(Exercise input Opens)

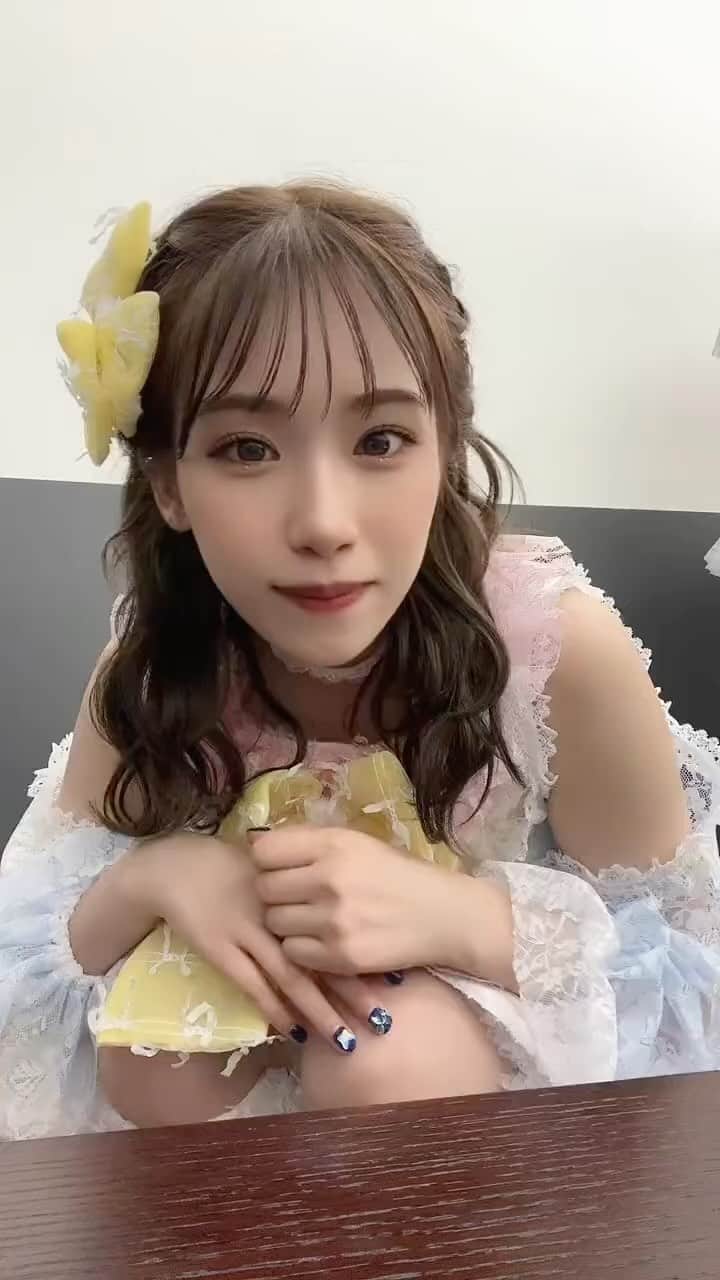 砂月凜々香のインスタグラム：「あいまいシルエットかわいいけんいっぱい聞いてや〜🎧  #あいまいシルエット #idolater #fyp #fypシ #instalike #singer #idol」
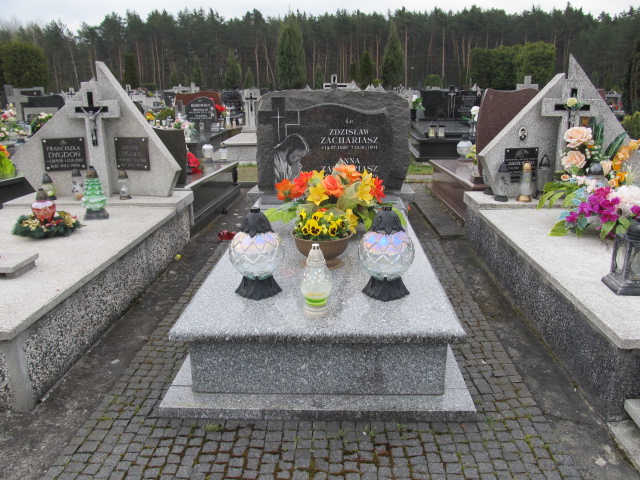 Grób Zdzisław Zachariasz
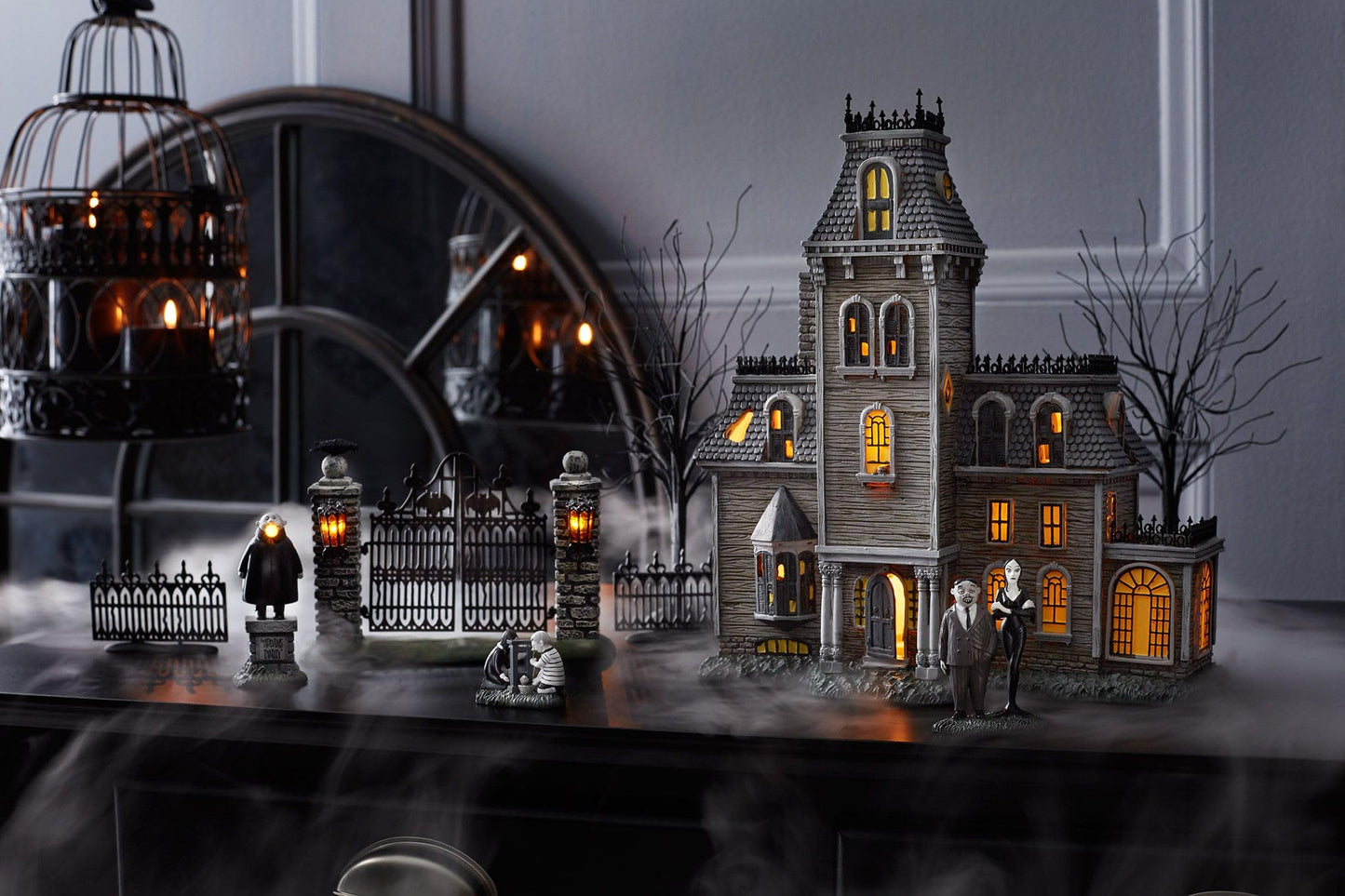 Department 56 Halloween Accessories for Village Collections Mini Spooky Wrought Iron Gate Lit Figurine, 4,53 Inch, Multicolor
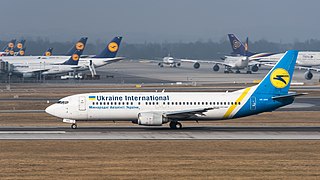 Ukraine International Airlines Boeing 737-4Z9 UR-GAO MUC 2015 02.jpg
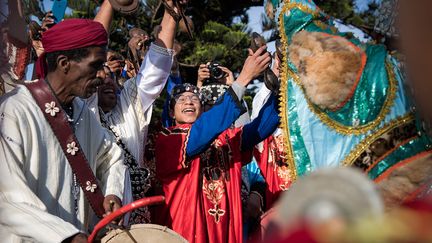 "Il y a un avant et un après festival d'Essaouira" pour les musiciens gnaoua, explique à Atlas info André Azoulay, conseiller du roi Mohammed VI et président d'une association culturelle. Cette manifestation a permis aux Gnaouas, une "communauté longtemps marginalisée", et aux artistes longtemps considérés comme de simples troubadours de retrouver fierté et dignité. Autrefois cantonnée aux "lilas", nom donné à des veillées de transe aux rituels ésotériques réservés aux initiés, la culture gnaoua trouve désormais un écho dans le monde entier.&nbsp; &nbsp; (FADEL SENNA / AFP)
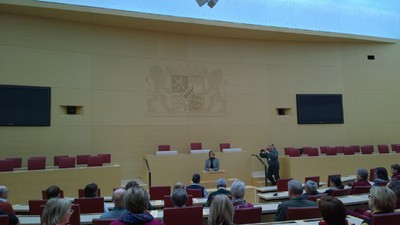 Tanja Schorer-Dremel steht im Plenarsaal Rede und Antwort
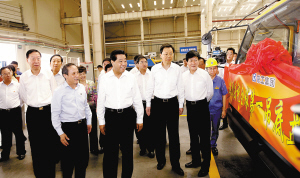 中共中央政治局常委全國政協主席賈慶林來徐考察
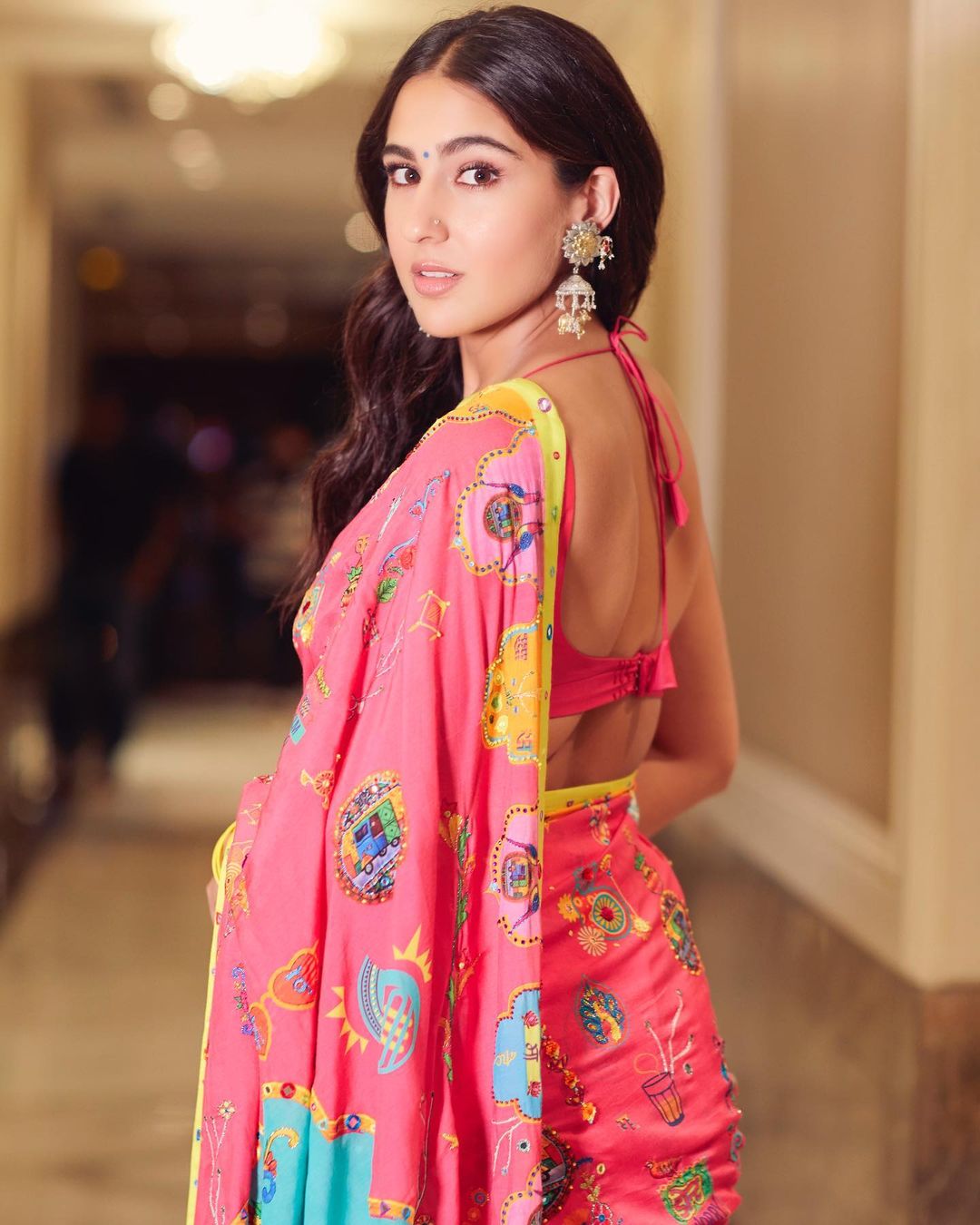 Sara Ali Khan looks graceful in the pink saree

(Exercise input Closes)

[What the task asks]
Without the pictures, give again exactly the lines above starting at the line containing "Grób Zdzisław Zachariasz" and ending at the line containing "Ukraine International Airlines".

[Exercise response]
 Grób Zdzisław Zachariasz
 Department 56 Halloween Accessories for Village Collections Mini Spooky Wrought Iron Gate Lit Figurine, 4,53 Inch, Multicolor
 Ukraine International Airlines Boeing 737-4Z9 UR-GAO MUC 2015 02.jpg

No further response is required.